Hong Kong-based telecom operator PCCW—controlled by billionaire Richard Li—has agreed to sell its data centre business to DigitalBridge for $750 million, cashing in on the rising demand for cloud computing as it pivots to new businesses.

Proceeds from the divestment will be used to fund the group’s investments into new growth areas such as technology and financial services, as well as repay debts or buyback company shares, PCCW said on Monday in a filing to the Stock Exchange of Hong Kong. The company will book an exceptional gain of $180 million from the transaction, which is expected to close by the fourth quarter of 2021 subject to regulatory approvals .

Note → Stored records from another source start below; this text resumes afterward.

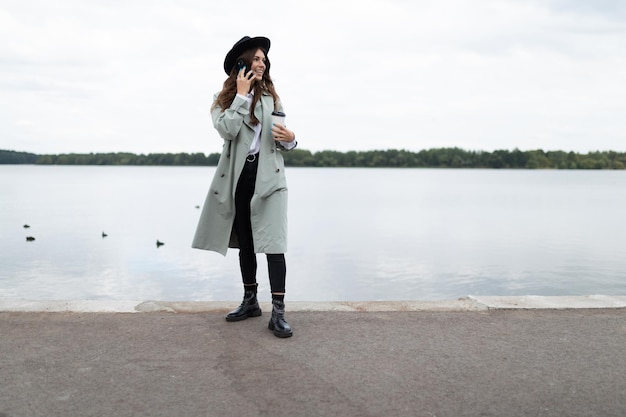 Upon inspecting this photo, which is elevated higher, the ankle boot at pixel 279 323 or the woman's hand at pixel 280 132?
the woman's hand at pixel 280 132

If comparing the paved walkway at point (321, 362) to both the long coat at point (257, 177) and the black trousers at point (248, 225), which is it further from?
the long coat at point (257, 177)

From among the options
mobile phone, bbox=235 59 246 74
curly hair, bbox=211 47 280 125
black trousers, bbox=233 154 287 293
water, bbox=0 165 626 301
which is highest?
mobile phone, bbox=235 59 246 74

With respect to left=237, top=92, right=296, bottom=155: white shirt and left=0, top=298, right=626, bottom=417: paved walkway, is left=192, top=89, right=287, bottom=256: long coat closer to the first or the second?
left=237, top=92, right=296, bottom=155: white shirt

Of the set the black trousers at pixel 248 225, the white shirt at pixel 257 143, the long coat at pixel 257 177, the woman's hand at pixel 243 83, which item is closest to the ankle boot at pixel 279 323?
the black trousers at pixel 248 225

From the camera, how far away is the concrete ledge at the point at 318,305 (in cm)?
481

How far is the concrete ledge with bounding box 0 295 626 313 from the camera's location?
15.8 ft

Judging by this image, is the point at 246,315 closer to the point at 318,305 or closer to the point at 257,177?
the point at 318,305

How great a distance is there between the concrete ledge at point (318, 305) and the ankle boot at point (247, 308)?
0.25m

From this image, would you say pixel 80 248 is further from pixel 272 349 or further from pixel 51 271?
pixel 272 349

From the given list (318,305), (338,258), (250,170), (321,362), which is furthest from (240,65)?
(338,258)

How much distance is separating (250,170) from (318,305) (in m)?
1.33

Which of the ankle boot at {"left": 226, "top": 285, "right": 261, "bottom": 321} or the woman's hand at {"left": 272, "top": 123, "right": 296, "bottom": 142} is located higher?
the woman's hand at {"left": 272, "top": 123, "right": 296, "bottom": 142}

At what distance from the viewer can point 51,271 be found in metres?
15.5

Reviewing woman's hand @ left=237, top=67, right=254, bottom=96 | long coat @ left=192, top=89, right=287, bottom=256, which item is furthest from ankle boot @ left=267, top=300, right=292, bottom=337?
woman's hand @ left=237, top=67, right=254, bottom=96
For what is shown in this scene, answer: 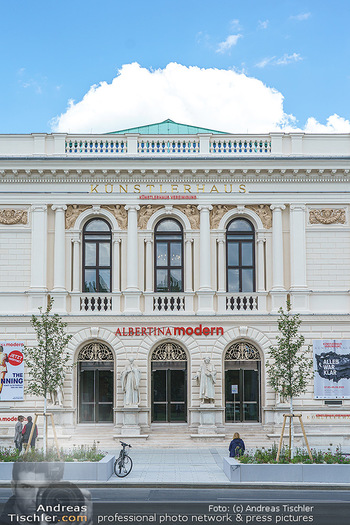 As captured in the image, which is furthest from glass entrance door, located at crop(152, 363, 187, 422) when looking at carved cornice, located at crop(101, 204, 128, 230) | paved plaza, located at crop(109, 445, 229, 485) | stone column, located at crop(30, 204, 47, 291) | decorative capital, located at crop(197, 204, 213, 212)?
decorative capital, located at crop(197, 204, 213, 212)

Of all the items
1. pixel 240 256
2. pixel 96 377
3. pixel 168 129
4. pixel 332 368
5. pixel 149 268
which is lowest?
pixel 96 377

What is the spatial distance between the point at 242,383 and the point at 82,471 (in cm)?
1335

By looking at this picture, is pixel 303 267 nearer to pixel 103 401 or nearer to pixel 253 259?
pixel 253 259

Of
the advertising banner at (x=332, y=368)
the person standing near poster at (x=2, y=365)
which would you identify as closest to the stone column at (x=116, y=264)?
the person standing near poster at (x=2, y=365)

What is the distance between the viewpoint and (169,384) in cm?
3431

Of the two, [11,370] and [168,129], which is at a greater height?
[168,129]

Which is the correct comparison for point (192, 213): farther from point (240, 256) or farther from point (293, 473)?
point (293, 473)

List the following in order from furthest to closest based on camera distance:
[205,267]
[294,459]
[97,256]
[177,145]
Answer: [177,145], [97,256], [205,267], [294,459]

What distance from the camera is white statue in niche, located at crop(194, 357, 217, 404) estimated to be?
3297 cm

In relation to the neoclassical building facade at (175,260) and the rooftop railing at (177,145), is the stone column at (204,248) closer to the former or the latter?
the neoclassical building facade at (175,260)

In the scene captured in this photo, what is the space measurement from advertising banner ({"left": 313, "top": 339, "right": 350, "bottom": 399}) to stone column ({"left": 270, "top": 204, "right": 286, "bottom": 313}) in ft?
8.48

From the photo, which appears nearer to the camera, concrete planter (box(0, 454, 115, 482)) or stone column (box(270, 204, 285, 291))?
concrete planter (box(0, 454, 115, 482))

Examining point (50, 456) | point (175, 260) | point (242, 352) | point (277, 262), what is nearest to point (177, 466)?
point (50, 456)

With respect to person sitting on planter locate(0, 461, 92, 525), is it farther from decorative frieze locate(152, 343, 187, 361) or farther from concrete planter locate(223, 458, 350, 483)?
decorative frieze locate(152, 343, 187, 361) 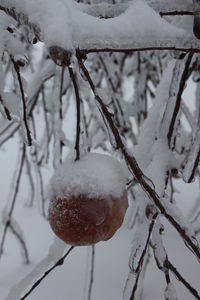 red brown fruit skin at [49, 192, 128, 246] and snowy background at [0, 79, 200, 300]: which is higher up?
red brown fruit skin at [49, 192, 128, 246]

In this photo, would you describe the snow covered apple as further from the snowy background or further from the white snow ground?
the white snow ground

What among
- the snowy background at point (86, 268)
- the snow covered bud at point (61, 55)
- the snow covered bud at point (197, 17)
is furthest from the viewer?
the snowy background at point (86, 268)

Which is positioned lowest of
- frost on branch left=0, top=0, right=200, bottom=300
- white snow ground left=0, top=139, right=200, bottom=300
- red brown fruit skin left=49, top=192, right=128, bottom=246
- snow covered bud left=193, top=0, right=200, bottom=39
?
white snow ground left=0, top=139, right=200, bottom=300

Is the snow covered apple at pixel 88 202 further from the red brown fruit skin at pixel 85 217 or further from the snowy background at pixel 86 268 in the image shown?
the snowy background at pixel 86 268

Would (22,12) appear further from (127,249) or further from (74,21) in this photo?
(127,249)

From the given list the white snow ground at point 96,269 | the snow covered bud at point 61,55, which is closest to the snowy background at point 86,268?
the white snow ground at point 96,269

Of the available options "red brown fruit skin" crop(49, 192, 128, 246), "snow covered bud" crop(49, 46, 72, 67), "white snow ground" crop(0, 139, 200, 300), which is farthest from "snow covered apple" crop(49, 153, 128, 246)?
"white snow ground" crop(0, 139, 200, 300) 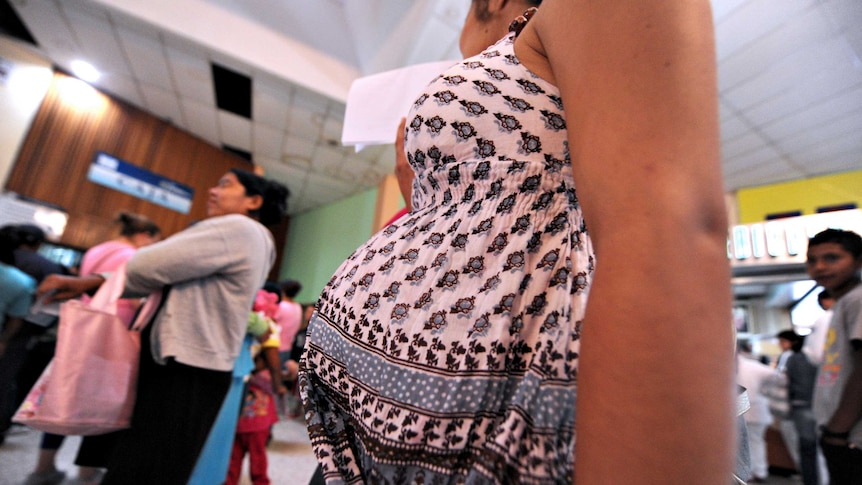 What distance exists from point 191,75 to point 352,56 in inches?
69.4

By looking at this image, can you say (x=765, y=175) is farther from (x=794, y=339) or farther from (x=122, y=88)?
(x=122, y=88)

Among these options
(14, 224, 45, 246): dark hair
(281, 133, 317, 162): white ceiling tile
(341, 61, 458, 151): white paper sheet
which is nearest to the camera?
(341, 61, 458, 151): white paper sheet

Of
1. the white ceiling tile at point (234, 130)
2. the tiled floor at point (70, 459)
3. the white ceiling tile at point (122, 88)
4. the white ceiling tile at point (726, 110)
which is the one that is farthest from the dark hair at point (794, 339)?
the white ceiling tile at point (122, 88)

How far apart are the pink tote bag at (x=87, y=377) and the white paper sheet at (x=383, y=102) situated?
926 millimetres

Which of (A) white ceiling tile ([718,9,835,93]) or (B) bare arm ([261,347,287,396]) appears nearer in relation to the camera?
(B) bare arm ([261,347,287,396])

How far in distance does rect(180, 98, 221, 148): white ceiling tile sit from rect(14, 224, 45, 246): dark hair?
2817 millimetres

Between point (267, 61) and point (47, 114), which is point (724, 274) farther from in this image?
point (47, 114)

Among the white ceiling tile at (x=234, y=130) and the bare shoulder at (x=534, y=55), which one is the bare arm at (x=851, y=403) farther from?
the white ceiling tile at (x=234, y=130)

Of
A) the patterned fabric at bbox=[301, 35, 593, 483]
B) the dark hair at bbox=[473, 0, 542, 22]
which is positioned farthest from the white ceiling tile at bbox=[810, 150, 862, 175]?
the patterned fabric at bbox=[301, 35, 593, 483]

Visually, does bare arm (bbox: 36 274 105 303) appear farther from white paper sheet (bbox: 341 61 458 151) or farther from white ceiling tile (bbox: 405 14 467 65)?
white ceiling tile (bbox: 405 14 467 65)

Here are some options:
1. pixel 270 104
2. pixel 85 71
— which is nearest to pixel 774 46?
pixel 270 104

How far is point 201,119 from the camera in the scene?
17.5 ft

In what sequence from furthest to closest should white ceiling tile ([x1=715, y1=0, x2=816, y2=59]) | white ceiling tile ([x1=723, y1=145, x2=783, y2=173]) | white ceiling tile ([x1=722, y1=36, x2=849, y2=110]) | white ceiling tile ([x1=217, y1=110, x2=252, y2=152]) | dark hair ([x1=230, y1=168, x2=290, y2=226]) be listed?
white ceiling tile ([x1=217, y1=110, x2=252, y2=152]) < white ceiling tile ([x1=723, y1=145, x2=783, y2=173]) < white ceiling tile ([x1=722, y1=36, x2=849, y2=110]) < white ceiling tile ([x1=715, y1=0, x2=816, y2=59]) < dark hair ([x1=230, y1=168, x2=290, y2=226])

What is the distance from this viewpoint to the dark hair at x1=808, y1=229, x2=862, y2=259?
1447mm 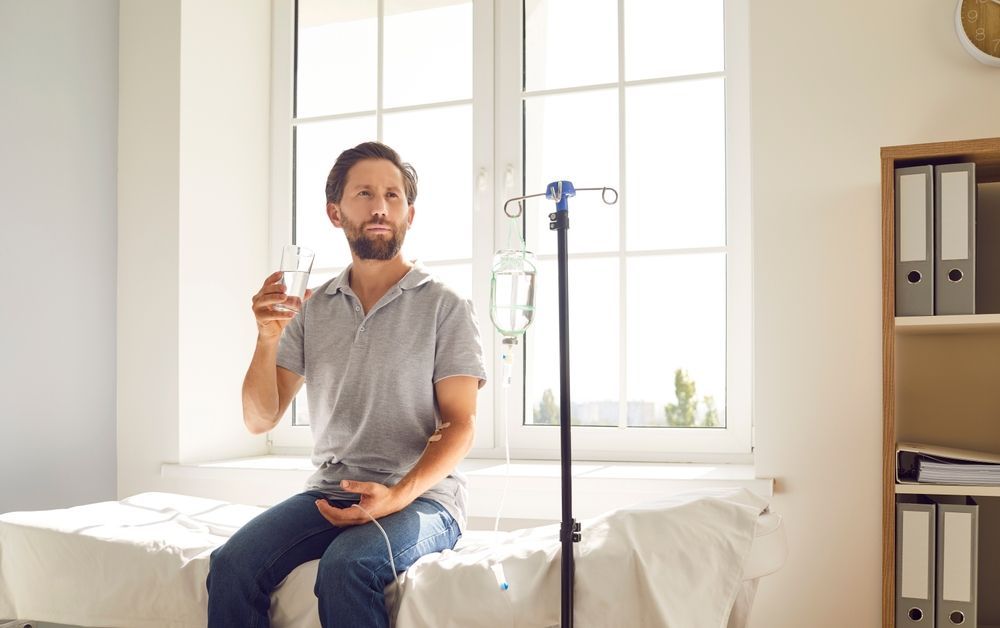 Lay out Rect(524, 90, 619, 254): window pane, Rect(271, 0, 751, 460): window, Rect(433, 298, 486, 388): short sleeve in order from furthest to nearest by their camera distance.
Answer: Rect(524, 90, 619, 254): window pane → Rect(271, 0, 751, 460): window → Rect(433, 298, 486, 388): short sleeve

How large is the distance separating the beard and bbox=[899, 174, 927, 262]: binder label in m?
1.08

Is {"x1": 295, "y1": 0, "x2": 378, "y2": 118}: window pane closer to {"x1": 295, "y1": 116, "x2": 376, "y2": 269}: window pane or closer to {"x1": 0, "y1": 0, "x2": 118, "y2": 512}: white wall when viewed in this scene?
{"x1": 295, "y1": 116, "x2": 376, "y2": 269}: window pane

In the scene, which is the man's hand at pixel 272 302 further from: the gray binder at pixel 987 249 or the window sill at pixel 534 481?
the gray binder at pixel 987 249

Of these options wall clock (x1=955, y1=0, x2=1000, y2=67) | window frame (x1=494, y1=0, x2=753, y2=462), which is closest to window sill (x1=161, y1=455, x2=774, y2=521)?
window frame (x1=494, y1=0, x2=753, y2=462)

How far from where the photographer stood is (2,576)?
6.72 feet

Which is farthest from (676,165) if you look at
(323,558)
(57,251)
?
(57,251)

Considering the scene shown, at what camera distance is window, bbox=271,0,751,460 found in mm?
2676

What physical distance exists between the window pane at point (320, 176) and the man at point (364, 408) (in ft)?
3.41

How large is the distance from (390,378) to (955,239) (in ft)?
3.96

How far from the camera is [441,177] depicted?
9.89 ft

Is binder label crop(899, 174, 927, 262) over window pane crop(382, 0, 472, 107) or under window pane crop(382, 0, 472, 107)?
under

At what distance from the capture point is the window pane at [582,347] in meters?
2.77

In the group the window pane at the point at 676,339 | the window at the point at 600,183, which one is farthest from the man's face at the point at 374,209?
the window pane at the point at 676,339

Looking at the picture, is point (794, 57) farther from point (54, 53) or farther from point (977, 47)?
point (54, 53) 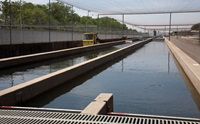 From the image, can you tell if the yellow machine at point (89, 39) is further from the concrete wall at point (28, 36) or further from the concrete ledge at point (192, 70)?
the concrete ledge at point (192, 70)

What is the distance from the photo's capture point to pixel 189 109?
365 inches

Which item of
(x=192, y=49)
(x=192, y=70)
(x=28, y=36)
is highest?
(x=28, y=36)

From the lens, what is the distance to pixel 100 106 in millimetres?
6848

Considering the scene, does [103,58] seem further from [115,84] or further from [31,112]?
[31,112]

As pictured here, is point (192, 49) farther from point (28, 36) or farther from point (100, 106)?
point (100, 106)

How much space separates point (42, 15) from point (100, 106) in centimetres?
4815

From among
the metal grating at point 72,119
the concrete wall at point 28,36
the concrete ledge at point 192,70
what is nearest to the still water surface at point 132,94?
the concrete ledge at point 192,70

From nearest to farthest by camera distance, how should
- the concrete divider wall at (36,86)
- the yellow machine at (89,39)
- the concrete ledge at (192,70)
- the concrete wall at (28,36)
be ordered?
the concrete divider wall at (36,86) < the concrete ledge at (192,70) < the concrete wall at (28,36) < the yellow machine at (89,39)

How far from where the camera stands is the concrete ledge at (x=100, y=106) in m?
6.46

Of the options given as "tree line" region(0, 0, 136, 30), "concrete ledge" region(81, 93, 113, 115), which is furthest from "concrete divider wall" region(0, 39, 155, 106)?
"tree line" region(0, 0, 136, 30)

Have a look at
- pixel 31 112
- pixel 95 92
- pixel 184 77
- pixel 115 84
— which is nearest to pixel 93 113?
pixel 31 112

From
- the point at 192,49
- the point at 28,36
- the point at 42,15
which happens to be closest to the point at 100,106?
the point at 28,36

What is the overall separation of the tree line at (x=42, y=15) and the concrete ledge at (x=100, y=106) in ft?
60.0

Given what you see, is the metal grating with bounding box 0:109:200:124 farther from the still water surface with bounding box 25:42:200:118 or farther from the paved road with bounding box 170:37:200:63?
the paved road with bounding box 170:37:200:63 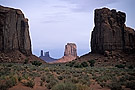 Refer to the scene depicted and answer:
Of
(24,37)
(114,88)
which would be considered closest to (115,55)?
(24,37)

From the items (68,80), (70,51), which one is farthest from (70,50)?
(68,80)

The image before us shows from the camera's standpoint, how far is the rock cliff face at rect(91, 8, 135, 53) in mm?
61206

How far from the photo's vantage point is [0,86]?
1145cm

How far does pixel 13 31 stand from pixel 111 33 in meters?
33.5

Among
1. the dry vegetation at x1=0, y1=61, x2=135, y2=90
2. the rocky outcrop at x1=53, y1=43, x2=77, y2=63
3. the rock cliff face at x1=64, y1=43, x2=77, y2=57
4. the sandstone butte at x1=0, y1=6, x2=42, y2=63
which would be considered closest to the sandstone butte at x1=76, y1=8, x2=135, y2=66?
the sandstone butte at x1=0, y1=6, x2=42, y2=63

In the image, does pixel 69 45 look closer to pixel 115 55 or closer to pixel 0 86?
pixel 115 55

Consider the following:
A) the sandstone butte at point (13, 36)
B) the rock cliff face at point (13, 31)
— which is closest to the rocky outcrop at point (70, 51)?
the rock cliff face at point (13, 31)

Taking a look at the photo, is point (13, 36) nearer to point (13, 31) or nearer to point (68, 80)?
point (13, 31)

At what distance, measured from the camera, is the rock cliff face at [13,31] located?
183ft

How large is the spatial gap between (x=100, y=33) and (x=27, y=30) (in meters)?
27.1

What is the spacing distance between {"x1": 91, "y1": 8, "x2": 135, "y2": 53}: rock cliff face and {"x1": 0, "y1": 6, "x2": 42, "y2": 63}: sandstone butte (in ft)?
81.1

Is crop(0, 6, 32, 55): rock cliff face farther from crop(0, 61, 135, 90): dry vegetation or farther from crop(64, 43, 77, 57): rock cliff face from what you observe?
crop(64, 43, 77, 57): rock cliff face

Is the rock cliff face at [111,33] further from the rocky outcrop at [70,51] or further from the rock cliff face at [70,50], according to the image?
the rock cliff face at [70,50]

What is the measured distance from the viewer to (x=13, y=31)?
58812mm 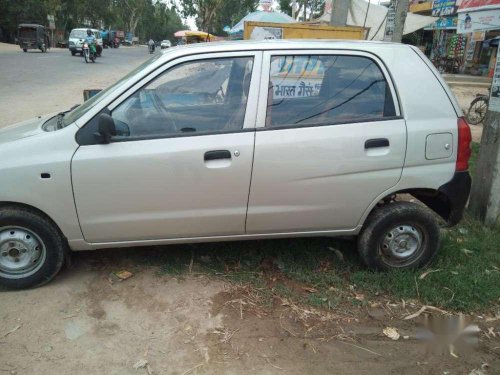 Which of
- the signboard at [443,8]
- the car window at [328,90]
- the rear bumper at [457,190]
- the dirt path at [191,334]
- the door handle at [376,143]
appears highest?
the signboard at [443,8]

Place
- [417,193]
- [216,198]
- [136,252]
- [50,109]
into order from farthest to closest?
[50,109], [136,252], [417,193], [216,198]

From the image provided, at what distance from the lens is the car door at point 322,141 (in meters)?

The acquisition gives DigitalBridge, a New York-listed real estate investment trust, a regional platform with data centers spread across China, Hong Kong and Malaysia. PCCW’s digital centers serve global hyperscale and large enterprise customers via a rapidly growing network of facilities based principally in Hong Kong, a key financial center and connectivity hub for Asia, DigitalBridge said in a separate statement.

“This is a terrific platform for DigitalBridge to expand its regional presence while supporting a strong management team focused on serving many of the same hyperscale and large enterprise customers that DigitalBridge works with on a global basis,” Marc Ganzi, DigitalBridge president and CEO, said in a statement.

For over 25 years, DigitalBridge has been investing in and operating businesses across digital assets including cell towers, data centers, fiber, small cells, and edge infrastructure. It manages a $32 billion portfolio on behalf of its limited partners and shareholders.

PCCW, Hong Kong’s largest telco, is exiting the data center business despite a cloud computing boom brought on by the pandemic-induced demand for services such as e-commerce, video conferencing and digital payments.

“The future growth and expansion of the data center business will require significant capital expenditure,” the company said. “Through the transaction, the company will have the flexibility to allocate its capital and resources more efficiently to drive growth.”

PCCW is one of the key businesses owned by Li, a son of Hong Kong’s wealthiest person Li Ka-shing. The younger Li’s interests also include financial services, technology and property. He was ranked the 28th richest person in the city with a net worth of $4.5 billion when the World’s Billionaires List was published in April.